16
votes

I'm running the OpenCL kernel below with a two-dimensional global work size of 1000000 x 100 and a local work size of 1 x 100.

__kernel void myKernel(
        const int length, 
        const int height, 
        and a bunch of other parameters) {

    //declare some local arrays to be shared by all 100 work item in this group
    __local float LP [length];
    __local float LT [height];
    __local int bitErrors = 0;
    __local bool failed = false;

    //here come my actual computations which utilize the space in LP and LT
}

This however refuses to compile, since the parameters length and height are not known at compile time. But it is not clear to my at all how to do this correctly. Should I use pointers with memalloc? How to handle this in a way that the memory is only allocated once for the entire workgroup and not once per work item?

All that I need is 2 arrays of floats, 1 int and 1 boolean that are shared among the entire workgroup (so all 100 work items).

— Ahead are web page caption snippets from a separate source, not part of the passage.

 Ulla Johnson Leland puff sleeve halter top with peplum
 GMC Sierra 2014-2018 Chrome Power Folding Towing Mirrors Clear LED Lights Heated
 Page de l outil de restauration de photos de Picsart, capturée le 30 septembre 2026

But I fail to find any method that does this correctly...

3

3 Answers

27
votes

It's relatively simple, you can pass the local arrays as arguments to your kernel:

kernel void myKernel(const int length, const int height, local float* LP, 
                     local float* LT, a bunch of other parameters) 

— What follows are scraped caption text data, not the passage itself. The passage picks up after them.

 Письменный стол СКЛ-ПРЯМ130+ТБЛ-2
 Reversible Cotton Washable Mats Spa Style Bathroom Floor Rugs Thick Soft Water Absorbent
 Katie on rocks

You then set the kernelargument with a value of NULL and a size equal to the size you want to allocate for the argument (in byte). Therefore it should be:

clSetKernelArg(kernel, 2, length * sizeof(cl_float), NULL);
clSetKernelArg(kernel, 2, height* sizeof(cl_float), NULL);

local memory is always shared by the workgroup (as opposed to private), so I think the bool and int should be fine, but if not you can always pass those as arguments too.

Not really related to your problem (and not necessarily relevant, since I do not know what hardware you plan to run this on), but at least gpus don't particulary like workingsizes which are not a multiple of a particular power of two (I think it was 32 for nvidia, 64 for amd), meaning that will probably create workgroups with 128 items, of which the last 28 are basically wasted. So if you are running opencl on gpu it might help performance if you directly use workgroups of size 128 (and change the global work size appropriately)

As a side note: I never understood why everyone uses the underscore variant for kernel, local and global, seems much uglier to me.

2
votes

You could also declare your arrays like this:

__local float LP[LENGTH];

And pass the LENGTH as a define in your kernel compile.

int lp_size = 128; // this is an example; could be dynamically calculated
char compileArgs[64];
sprintf(compileArgs, "-DLENGTH=%d", lp_size);
clBuildProgram(program, 0, NULL, compileArgs, NULL, NULL);
1
votes

You do not have to allocate all your local memory outside the kernel, especially when it is a simple variable instead of a array.

The reason that your code cannot compile is that OpenCL does not support local memory initialization. This is specified in the document(https://www.khronos.org/registry/cl/sdk/1.1/docs/man/xhtml/local.html). It is also not feasible in CUDA(Is there a way of setting default value for shared memory array?)


ps:The answer from Grizzly is good enough and it would be better if I can post it as a comment, but I am restricted by the reputation policy. Sorry.